Customer-centric design is about looking from the inside out – rather than the outside in. In its simplest and purest form, empathy enables us to not only experience and understand another person’s circumstances, but it also lets you walk in your customers’ shoes to experience what they are feeling. This is so important because the more we know, the more biased we become.
- Empathy is going out and actually talking to and observing your audience so you know
- How they use your product
- What their challenges are
- How they are creating workarounds
- Then find insights you can use to create differentiated work
I think this is so important and you have to seek these things out because customers experiences – especially the emotional ones – are the most impactful and the places you can make the biggest impact.
Subject matter expertise
To be clear, I’m not rejecting or diminishing the knowledge and experience you bring to the table.

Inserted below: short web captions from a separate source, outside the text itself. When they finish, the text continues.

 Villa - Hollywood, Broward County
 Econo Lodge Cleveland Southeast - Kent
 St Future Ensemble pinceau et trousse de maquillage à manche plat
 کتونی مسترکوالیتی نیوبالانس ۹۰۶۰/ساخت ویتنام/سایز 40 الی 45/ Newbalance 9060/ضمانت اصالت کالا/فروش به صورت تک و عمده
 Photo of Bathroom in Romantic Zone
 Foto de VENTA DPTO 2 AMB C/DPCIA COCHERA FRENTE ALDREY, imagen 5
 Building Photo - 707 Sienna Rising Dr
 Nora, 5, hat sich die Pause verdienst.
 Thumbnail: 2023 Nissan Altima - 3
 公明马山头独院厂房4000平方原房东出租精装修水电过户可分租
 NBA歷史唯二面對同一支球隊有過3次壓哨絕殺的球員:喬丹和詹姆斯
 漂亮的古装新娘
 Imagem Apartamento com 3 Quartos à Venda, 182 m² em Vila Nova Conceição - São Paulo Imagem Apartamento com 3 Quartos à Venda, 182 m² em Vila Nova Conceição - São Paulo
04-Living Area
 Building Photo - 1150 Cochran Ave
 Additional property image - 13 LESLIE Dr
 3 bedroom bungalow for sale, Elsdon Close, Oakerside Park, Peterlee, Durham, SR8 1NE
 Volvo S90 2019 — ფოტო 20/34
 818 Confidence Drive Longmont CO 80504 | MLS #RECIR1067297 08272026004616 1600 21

Subject-matter expertise is not only a critical part of methodologies like design thinking, but it is also essential to collective insight. What I am advocating here is the strength and insights that come from the application of the empathy. What I want people to do is to find realizations and perceptiveness in the experience of their customers – not in the accumulated experience confined to what you know or what what you think you know.
How to find empathy
Immersion:
Walk a mile in someone else’s shoes.
Observation:
What people say they do and what they actually do are often different.
Interviewing:
Go out and talk to people.
Compassion
We talked before about how empathy isn’t compassion but compassion does play a key role here. Partially so you can emotionally connect with your consumers to connect with what they are feeling. But it plays a key role in actually bringing the work to life as well. Compassion is putting those observation and insights to work with the leadership to not be blinded by a client or creative brief.
Because the basic truth is that the more we know, the more biased we become – and most of us don’t know that. You have to create solutions people really need – not just talking to yourself or designing for yourself – because then empathy leads you to new solutions that will profit the consumer and the client.